====== Dataset content ======
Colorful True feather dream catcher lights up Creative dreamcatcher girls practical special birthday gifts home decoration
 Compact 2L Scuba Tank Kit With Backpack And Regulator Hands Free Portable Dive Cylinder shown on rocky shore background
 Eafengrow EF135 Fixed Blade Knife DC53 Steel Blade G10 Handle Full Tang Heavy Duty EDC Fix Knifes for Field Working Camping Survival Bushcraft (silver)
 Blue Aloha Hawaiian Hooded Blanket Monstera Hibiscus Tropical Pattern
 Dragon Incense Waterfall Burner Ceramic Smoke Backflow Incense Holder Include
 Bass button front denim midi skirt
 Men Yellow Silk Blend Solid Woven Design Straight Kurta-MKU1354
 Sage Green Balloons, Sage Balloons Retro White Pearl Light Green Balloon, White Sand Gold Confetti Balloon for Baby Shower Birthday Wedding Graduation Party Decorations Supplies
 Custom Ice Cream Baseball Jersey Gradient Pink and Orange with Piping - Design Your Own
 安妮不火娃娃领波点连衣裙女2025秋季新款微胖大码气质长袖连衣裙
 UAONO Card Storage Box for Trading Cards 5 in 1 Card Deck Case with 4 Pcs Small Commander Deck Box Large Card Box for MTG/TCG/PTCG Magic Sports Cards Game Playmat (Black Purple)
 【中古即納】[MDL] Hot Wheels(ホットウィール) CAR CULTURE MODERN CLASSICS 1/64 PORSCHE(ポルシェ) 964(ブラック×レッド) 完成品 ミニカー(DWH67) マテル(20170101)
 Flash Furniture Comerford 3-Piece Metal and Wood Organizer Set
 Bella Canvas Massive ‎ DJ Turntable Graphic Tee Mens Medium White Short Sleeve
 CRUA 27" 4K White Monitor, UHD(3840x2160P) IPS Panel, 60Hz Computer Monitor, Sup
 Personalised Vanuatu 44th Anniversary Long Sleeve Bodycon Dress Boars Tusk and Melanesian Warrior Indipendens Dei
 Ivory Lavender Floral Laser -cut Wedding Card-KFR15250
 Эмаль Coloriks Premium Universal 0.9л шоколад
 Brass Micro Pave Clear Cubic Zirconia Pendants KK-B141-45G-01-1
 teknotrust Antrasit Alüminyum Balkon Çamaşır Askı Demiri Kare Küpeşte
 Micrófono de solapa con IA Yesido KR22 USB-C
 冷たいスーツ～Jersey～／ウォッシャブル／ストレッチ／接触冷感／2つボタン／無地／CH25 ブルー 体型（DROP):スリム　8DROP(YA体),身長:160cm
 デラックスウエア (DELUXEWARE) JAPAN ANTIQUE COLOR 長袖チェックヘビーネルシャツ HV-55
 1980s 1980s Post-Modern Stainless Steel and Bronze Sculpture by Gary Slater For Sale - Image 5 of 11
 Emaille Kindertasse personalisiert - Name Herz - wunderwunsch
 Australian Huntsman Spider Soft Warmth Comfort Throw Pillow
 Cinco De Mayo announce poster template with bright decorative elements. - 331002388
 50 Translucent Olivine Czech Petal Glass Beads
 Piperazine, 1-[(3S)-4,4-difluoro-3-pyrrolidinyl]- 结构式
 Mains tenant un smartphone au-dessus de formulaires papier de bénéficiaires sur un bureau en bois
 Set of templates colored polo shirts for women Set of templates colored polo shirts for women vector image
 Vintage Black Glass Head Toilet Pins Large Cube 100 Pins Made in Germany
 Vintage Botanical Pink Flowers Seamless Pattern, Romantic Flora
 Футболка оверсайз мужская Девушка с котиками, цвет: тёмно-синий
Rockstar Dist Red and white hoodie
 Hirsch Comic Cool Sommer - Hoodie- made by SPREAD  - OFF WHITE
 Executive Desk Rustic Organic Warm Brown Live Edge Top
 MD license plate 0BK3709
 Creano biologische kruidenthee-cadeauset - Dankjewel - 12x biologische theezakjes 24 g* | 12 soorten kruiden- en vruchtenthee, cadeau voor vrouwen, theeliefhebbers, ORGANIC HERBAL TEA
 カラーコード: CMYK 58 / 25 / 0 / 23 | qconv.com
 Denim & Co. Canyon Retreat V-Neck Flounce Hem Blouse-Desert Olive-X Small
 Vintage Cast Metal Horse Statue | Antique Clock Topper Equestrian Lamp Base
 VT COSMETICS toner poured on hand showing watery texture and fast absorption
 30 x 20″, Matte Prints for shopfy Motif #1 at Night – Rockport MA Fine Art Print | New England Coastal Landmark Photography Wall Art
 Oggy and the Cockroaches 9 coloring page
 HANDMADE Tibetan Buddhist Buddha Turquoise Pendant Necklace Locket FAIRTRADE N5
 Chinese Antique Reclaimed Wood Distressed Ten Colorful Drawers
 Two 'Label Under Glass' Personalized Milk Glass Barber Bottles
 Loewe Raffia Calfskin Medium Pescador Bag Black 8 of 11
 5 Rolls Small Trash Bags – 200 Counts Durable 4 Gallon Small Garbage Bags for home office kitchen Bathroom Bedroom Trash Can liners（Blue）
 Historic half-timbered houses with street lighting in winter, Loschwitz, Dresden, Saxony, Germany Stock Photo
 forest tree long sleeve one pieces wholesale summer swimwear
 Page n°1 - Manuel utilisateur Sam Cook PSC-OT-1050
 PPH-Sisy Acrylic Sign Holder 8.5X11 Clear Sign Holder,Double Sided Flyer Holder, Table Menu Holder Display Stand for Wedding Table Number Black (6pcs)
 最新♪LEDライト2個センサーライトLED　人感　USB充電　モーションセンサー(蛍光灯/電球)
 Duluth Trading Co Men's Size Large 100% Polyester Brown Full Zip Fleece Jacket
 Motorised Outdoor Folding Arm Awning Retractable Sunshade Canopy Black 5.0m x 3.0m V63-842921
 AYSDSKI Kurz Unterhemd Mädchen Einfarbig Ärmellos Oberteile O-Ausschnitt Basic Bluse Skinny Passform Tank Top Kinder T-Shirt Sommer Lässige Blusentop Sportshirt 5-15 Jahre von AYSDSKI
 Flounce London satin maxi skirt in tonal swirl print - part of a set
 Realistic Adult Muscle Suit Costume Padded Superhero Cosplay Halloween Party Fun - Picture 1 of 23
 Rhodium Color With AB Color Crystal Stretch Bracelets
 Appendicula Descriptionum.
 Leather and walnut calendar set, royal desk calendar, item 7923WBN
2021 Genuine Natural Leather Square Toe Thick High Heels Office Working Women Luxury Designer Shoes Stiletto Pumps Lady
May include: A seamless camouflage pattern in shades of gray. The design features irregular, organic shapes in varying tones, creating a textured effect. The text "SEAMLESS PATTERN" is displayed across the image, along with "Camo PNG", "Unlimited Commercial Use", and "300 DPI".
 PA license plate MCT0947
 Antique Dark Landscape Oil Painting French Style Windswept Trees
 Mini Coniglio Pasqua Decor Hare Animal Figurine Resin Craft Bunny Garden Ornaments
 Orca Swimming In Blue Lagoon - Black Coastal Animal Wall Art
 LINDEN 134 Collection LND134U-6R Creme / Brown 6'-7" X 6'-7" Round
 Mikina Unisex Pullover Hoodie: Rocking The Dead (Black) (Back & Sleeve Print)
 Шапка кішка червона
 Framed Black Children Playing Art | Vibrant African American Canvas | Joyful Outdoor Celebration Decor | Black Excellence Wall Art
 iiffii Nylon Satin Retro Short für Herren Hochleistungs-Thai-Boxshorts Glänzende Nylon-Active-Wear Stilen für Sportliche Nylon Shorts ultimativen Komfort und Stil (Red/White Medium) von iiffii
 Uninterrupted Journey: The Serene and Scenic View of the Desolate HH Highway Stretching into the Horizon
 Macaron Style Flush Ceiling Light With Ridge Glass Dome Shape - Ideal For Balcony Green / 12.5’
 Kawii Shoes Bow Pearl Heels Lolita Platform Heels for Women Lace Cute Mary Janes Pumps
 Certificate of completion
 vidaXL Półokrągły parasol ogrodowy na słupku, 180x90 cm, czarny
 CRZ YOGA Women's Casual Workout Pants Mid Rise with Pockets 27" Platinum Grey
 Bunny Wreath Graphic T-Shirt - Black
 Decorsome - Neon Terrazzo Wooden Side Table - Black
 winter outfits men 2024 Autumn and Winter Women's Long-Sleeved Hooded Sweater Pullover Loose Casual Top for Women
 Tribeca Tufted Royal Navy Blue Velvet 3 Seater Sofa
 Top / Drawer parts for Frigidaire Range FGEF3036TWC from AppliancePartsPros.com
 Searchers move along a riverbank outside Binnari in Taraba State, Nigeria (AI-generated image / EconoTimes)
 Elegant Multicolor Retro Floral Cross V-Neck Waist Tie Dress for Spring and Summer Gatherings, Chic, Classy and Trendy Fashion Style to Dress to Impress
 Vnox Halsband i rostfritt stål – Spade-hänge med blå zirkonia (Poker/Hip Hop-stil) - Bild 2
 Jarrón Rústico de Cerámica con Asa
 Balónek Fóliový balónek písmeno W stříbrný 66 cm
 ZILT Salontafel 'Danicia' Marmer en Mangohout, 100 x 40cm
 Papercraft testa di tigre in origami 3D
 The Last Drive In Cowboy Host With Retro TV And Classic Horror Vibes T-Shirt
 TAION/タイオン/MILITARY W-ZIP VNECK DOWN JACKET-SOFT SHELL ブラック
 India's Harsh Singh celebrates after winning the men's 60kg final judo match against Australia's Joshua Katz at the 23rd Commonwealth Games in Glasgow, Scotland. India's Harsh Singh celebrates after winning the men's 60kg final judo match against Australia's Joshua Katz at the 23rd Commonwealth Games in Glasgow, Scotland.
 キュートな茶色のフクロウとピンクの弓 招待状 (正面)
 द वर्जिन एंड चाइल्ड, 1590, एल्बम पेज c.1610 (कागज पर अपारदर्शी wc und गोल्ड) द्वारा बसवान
======
▶ _Activity_:
Keeping every character as it is, restate the lines above that run from the line with "Chinese Antique Reclaimed" through the line with "Motorised Outdoor Folding", both included, and nothing else.

▶ _Output of the exercise_:
 Chinese Antique Reclaimed Wood Distressed Ten Colorful Drawers
 Two 'Label Under Glass' Personalized Milk Glass Barber Bottles
 Loewe Raffia Calfskin Medium Pescador Bag Black 8 of 11
 5 Rolls Small Trash Bags – 200 Counts Durable 4 Gallon Small Garbage Bags for home office kitchen Bathroom Bedroom Trash Can liners（Blue）
 Historic half-timbered houses with street lighting in winter, Loschwitz, Dresden, Saxony, Germany Stock Photo
 forest tree long sleeve one pieces wholesale summer swimwear
 Page n°1 - Manuel utilisateur Sam Cook PSC-OT-1050
 PPH-Sisy Acrylic Sign Holder 8.5X11 Clear Sign Holder,Double Sided Flyer Holder, Table Menu Holder Display Stand for Wedding Table Number Black (6pcs)
 最新♪LEDライト2個センサーライトLED　人感　USB充電　モーションセンサー(蛍光灯/電球)
 Duluth Trading Co Men's Size Large 100% Polyester Brown Full Zip Fleece Jacket
 Motorised Outdoor Folding Arm Awning Retractable Sunshade Canopy Black 5.0m x 3.0m V63-842921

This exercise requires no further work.